Par lettre du 9 avril 1999, le directeur de l’administration des Contributions directes informa Monsieur HALSDORF de ce que « au sujet de la nomination susvisée la Chambre des Comptes a émis l’observation suivante:

Le seul poste du cadre fermé de la carrière de l’ingénieur technicien étant occupé par l’agent J. K. la nomination [de Monsieur HALSDORF] (…) n’est pas admise ».

Par arrêté grand-ducal du 18 mai 1999, « l’arrêté grand-ducal du 20 avril 1999 portant nomination de Monsieur … HALSDORF aux fonctions d’ingénieur technicien inspecteur principal à l’administration des contributions directes, est rapporté ».

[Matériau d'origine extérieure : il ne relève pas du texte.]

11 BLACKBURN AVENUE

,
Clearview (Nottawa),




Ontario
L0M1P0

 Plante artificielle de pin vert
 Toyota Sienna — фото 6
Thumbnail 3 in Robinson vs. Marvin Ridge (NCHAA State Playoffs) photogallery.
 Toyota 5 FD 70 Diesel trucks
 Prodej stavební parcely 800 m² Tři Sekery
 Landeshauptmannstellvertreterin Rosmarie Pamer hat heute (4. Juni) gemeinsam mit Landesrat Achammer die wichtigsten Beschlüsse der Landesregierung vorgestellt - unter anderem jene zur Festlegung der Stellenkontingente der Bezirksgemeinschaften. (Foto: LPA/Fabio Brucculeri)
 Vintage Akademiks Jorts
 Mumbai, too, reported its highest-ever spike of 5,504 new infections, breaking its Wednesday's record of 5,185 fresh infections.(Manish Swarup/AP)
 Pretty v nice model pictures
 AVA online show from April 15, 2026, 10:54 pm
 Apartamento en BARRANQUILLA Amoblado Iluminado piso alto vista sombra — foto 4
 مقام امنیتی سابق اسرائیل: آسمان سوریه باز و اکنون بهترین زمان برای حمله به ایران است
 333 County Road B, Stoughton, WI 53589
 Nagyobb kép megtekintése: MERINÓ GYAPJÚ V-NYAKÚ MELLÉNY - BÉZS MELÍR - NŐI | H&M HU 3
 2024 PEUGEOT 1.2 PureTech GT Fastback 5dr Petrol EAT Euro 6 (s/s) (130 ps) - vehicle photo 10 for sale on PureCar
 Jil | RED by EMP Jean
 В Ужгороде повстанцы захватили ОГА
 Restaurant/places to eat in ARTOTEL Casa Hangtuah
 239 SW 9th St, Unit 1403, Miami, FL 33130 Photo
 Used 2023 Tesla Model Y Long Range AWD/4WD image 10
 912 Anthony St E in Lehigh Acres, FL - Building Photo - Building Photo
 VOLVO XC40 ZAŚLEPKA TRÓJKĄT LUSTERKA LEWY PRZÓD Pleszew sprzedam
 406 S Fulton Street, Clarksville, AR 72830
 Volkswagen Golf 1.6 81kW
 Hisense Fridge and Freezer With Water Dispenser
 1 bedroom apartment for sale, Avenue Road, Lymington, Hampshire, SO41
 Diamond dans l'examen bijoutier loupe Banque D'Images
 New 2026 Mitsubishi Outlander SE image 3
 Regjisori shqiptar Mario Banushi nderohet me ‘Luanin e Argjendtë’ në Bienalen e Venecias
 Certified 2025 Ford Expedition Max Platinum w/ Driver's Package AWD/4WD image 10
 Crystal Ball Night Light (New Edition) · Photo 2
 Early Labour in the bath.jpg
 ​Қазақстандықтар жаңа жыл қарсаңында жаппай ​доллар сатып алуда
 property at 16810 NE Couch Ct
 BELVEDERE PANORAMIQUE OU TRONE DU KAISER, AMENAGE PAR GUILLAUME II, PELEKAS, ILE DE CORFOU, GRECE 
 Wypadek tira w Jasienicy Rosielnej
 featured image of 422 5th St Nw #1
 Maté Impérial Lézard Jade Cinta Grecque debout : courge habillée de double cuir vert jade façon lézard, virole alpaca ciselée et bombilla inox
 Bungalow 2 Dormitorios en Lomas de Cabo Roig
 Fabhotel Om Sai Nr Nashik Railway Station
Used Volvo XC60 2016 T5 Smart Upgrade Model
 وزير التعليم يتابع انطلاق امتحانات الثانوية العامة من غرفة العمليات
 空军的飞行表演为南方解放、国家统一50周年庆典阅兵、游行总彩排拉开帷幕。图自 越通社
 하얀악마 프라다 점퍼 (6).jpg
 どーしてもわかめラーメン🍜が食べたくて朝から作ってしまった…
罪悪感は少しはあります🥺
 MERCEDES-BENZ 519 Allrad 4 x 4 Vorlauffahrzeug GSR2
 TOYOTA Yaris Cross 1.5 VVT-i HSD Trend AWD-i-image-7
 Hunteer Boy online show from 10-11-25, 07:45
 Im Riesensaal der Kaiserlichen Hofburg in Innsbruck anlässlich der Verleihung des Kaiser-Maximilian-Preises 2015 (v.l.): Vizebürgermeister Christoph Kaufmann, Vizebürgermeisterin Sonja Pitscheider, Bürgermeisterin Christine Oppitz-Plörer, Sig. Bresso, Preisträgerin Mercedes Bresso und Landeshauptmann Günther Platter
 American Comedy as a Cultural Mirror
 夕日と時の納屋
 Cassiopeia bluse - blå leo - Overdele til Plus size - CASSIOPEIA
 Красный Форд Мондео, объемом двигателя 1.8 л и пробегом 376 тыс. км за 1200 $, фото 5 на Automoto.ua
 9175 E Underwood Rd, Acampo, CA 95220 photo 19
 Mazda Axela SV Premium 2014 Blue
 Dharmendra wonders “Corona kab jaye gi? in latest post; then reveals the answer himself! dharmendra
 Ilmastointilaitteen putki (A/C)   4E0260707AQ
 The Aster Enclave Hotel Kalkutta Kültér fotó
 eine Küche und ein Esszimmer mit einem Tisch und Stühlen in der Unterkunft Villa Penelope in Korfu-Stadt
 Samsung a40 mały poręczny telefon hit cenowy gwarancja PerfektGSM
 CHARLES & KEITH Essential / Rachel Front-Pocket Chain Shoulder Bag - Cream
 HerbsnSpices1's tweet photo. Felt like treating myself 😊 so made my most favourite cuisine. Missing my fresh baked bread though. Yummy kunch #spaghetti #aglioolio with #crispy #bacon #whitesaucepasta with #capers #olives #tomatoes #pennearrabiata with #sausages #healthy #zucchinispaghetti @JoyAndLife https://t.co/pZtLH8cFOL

Par requête déposée au greffe du tribunal administratif en date du 22 juillet 1999, Monsieur HALSDORF a fait introduire un recours « principalement en nullité ou inefficacité, subsidiairement en réformation, plus subsidiairement en annulation » contre l’arrêté grand-

ducal prévisé du 18 mai 1999.

Le demandeur relève en premier lieu que l’arrêté grand-ducal litigieux concernerait un arrêté grand-ducal du 20 avril 1999 et, comme un tel arrêté grand-ducal n’existerait pas, étant précisé que sa nomination a été arrêtée par le Grand-Duc le 20 janvier 1999, il soutient que ce serait à tort qu’il se verrait réduire son traitement mensuel de plus de …- francs sur base de l’arrêté grand-ducal litigieux « alors que son arrêté de nomination n’a jamais été rapporté et qu’il a toujours la fonction d’ingénieur technicien inspecteur principal à l’Administration des Contributions directes ». Sur ce, il demande au tribunal de « constater la nullité, sinon l’inefficacité de l’arrêté grand-ducal du 18 mai 1999 ».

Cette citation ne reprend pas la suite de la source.